Imagine you could even sync up the sound file with the HD video or pics afterward.. The auto quality on the new one is astounding, especially for such a small little rugged cam. You could potentially be the next youtube sensation! (and yes, youtube can be quite a profitable endeavour.. or at least inspire some kids to get off the darn couch!)


----------



## the-royal-mail (Dec 11, 2009)

I've been doing some research into this lately -- anyone have some more hobby ideas they are passionate about and would like to share? I am looking for some inspiration for some new things to do. I've found quite a few courses I could take and clubs I could join but still collecting ideas.


----------



## Four Pillars (Apr 5, 2009)

Jon_Snow said:


> Well, here is a bit of video I took last summer.http://m.youtube.com/watch?v=GFME7Vjm-UU


Just watched this now - amazing video. Loved it.


----------



## Daniel A. (Mar 20, 2011)

Try Metal Detecting I own the canadianmetaldetecting.com forum .

You never know what you will find in the ground, cruising around with headphones on is like meditating.
The hobby is growing.

It involves research and history.


----------



## Jon_Snow (May 20, 2009)

I've booked about 10 days holidays in the first half of July and I am hoping to pick up the latest and greatest version of the GoPro camera this week, along the the appropriate mounting accesories - I am thinking a head mount and one for the deck of the kayak. I intend to post some more videos of west coast splendor for my fellow CMF'ers - I can't guarantee I'll get more orcas on film - they have their own mysterious schedule as to when they choose to pass by my particular island - but there are other wonders to be seen in these vibrant waters between Vancouver and Victoria. 

Stay tuned.


----------



## m3s (Apr 3, 2010)

Jon_Snow said:


> I've booked about 10 days holidays in the first half of July and I am hoping to pick up the latest and greatest version of the GoPro camera this week, along the the appropriate mounting accesories - I am thinking a head mount and one for the deck of the kayak.


A chest strap would be another good option for kayaking. You could even mount it to the paddle and stick it underwater. :encouragement... (can't have 4 photos and a smilie?) The top model comes with a WiFi remote, but it kills the battery and it's not worth the hassle if you can reach it. I have the Black, but doing it again I would just take one of the cheaper versions. The battery lasted longer on the Hero 2 and my Hero 3 still freezes and sometimes even with the latest firmware (have to hard reset to unfreeze) But the 3 does take noticeably better photos, although once they're uploaded online there's not as much difference


----------



## Jon_Snow (May 20, 2009)

Appreciate the advice, m3s... I was looking at the Hero 3, but I have seen comments online about certain annoying glitches... I haven't ordered mine yet, so maybe these issues may be addressed by the time mine arrives - wishful thinking I'm sure.

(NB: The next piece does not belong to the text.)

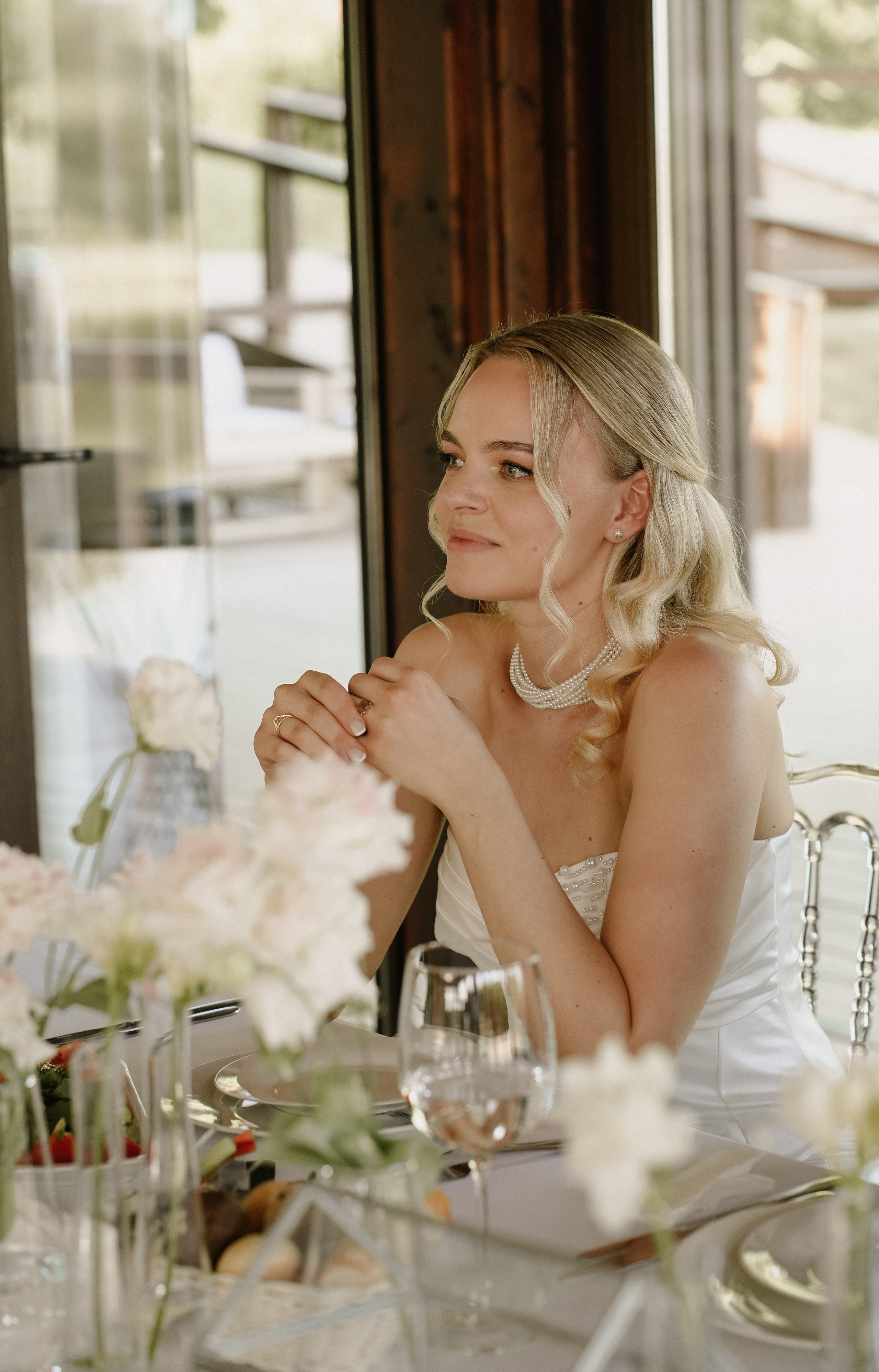 Большая свадьба 22.05.2025. Photographer_anastasia_margushina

Sticking the camera on the paddle is something I never even considered - but there are always seals and sea lions checking me out so maybe if I can dunk the camera underneath my kayak, I could get some underwater shots of these submarine acrobatic clowns. The possibilities are incredible with this type of camera technology... my holidays can't come quick enough!


----------



## m3s (Apr 3, 2010)

Jon_Snow said:


> I haven't ordered mine yet, so maybe these issues may be addressed by the time mine arrives - wishful thinking I'm sure.

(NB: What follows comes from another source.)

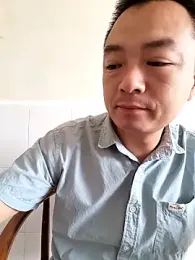 water777 — Stripchat stream photo (Jun 2026)
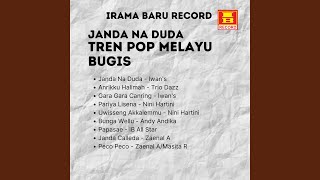 Download lagu Janda Na Duda mp3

They could be, although I would hope mine is the same with the latest firmware. The glitches are not that bad and it seems to happen from pushing the wrong button at the wrong time (kind of like windows you learn what crashes it lol). It's just nice to know about before you pay... If you keep it simple it works fine

I'm working with a developer to trigger/sync the GoPro video using the iPhone's position and later overlay all the speed/location/acceleration/sound and even picture-in-picture etc etc to the video effortlessly using only the iPhone and wifi. I was thinking he could even rework this app to sync your underwater mic and any useful data via a smartphone in your pocket. Actually it could probably trigger to the sound of whales

But I think you best keep it simple at first  Having battery power and the cam on at the right moment is key :encouragement:


----------



## Daniel A. (Mar 20, 2011)

Look forward to meeting you in the Baja Jon_ Snow.


----------



## Jon_Snow (May 20, 2009)

Daniel A. said:


> Look forward to meeting you in the Baja Jon_ Snow.


I will be there in Oct-Nov this year. Would be great to say hello. :encouragement:


----------



## martinv (Apr 30, 2009)

My hobby or sport I guess. Kite boarding or kite surfing. This happened to be in Bora Bora in May but mostly in LaVentana, Baja for the winter and Southern Vancouver Island in the summer. An addiction of sorts! see you in Baja as well.


----------



## martinv (Apr 30, 2009)

Wonder why the pic was so small? If I click on it, it does improve somewhat.
Oh well, must be windows 8!


----------



## humble_pie (Jun 7, 2009)

martinv said:


> Wonder why the pic was so small? If I click on it, it does improve somewhat.
> Oh well, must be windows 8!


can you pass your photos by way of a photo site like flickr or picasa? then you could load em here in any size you want.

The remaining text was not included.